Exactly repeat all the records below, omitting the images they hold.

╭─ SOURCE DATA

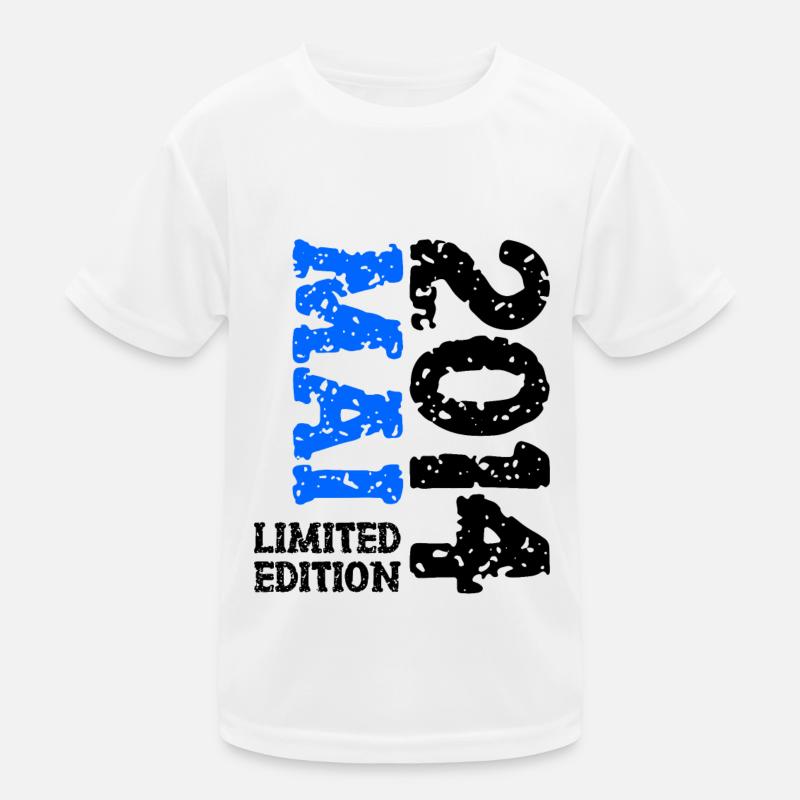 2014 Mai Limited Edition Geburtstag Geschenk - Kinder Funktions-T-Shirt - Weiß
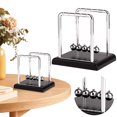 thumbnail image 6 of Halloween Newton Cradle Balance Steel Balls Physics Science Pendulum Desk Toy Halloween Christmas Decorations (Black S), 6 of 8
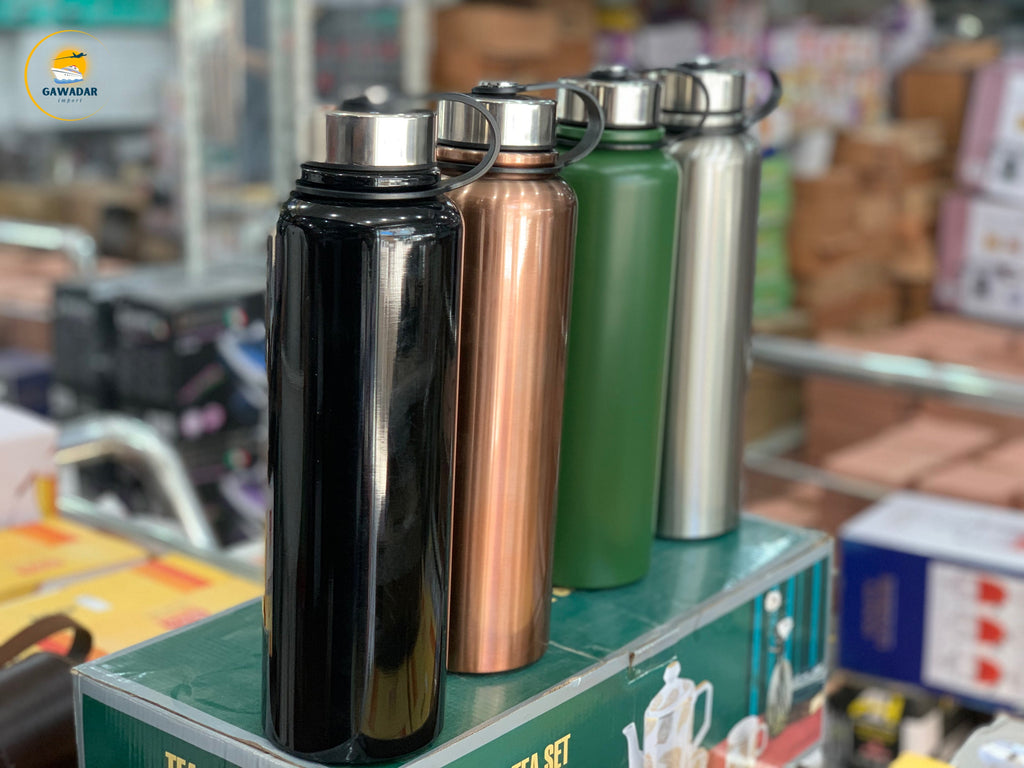 Vacuum Hot & Cold Bottles with Leather Cover  1500ml Stainless Steel   Hot Selling Item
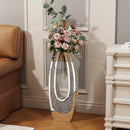 24.01" U-Shaped Floor Vase Shattered Diamond Mirror Surface
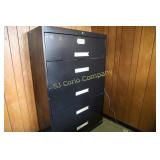 5 drawer lateral file cabinet - black - no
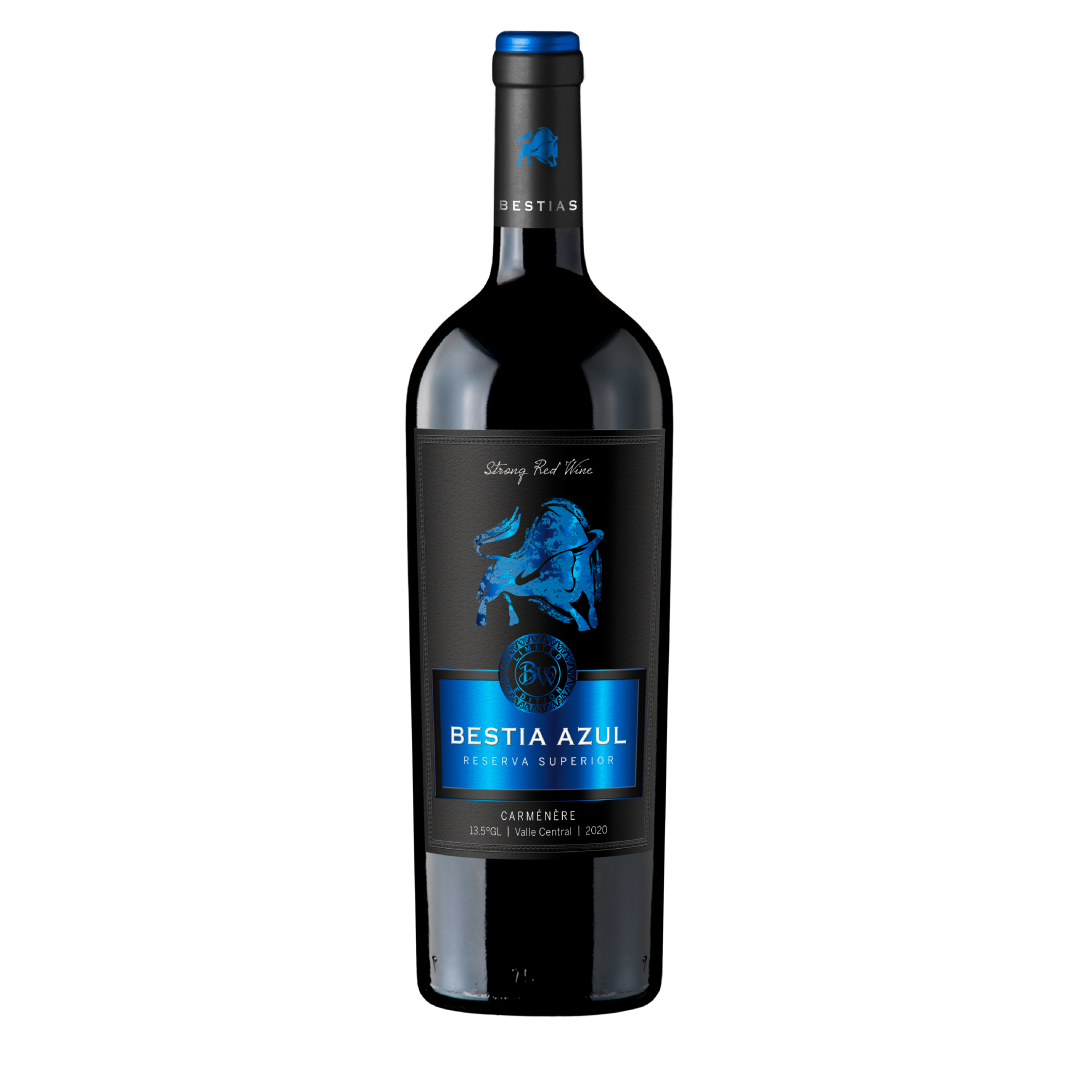 Bestia Azul | Reserva Superior | Cepas Tintas | Botella 750cc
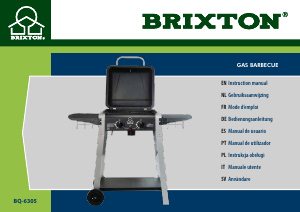 Mode d’emploi Brixton BQ-6305 Barbecue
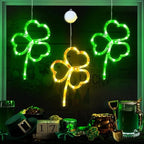 [Timer] 3 Pack St Patricks Day Decorations Shamrock Window Lights by Sakayo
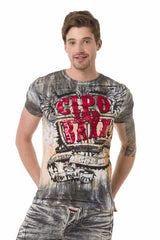 CT686 Herren T-Shirt mit coolen Prints - Cipo and Baxx - Damen - Herren T-SHIRT -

╰─

[YOUR SOLUTION]
 2014 Mai Limited Edition Geburtstag Geschenk - Kinder Funktions-T-Shirt - Weiß
 thumbnail image 6 of Halloween Newton Cradle Balance Steel Balls Physics Science Pendulum Desk Toy Halloween Christmas Decorations (Black S), 6 of 8
 Vacuum Hot & Cold Bottles with Leather Cover  1500ml Stainless Steel   Hot Selling Item
 24.01" U-Shaped Floor Vase Shattered Diamond Mirror Surface
 5 drawer lateral file cabinet - black - no
 Bestia Azul | Reserva Superior | Cepas Tintas | Botella 750cc
 Mode d’emploi Brixton BQ-6305 Barbecue
 [Timer] 3 Pack St Patricks Day Decorations Shamrock Window Lights by Sakayo
 CT686 Herren T-Shirt mit coolen Prints - Cipo and Baxx - Damen - Herren T-SHIRT -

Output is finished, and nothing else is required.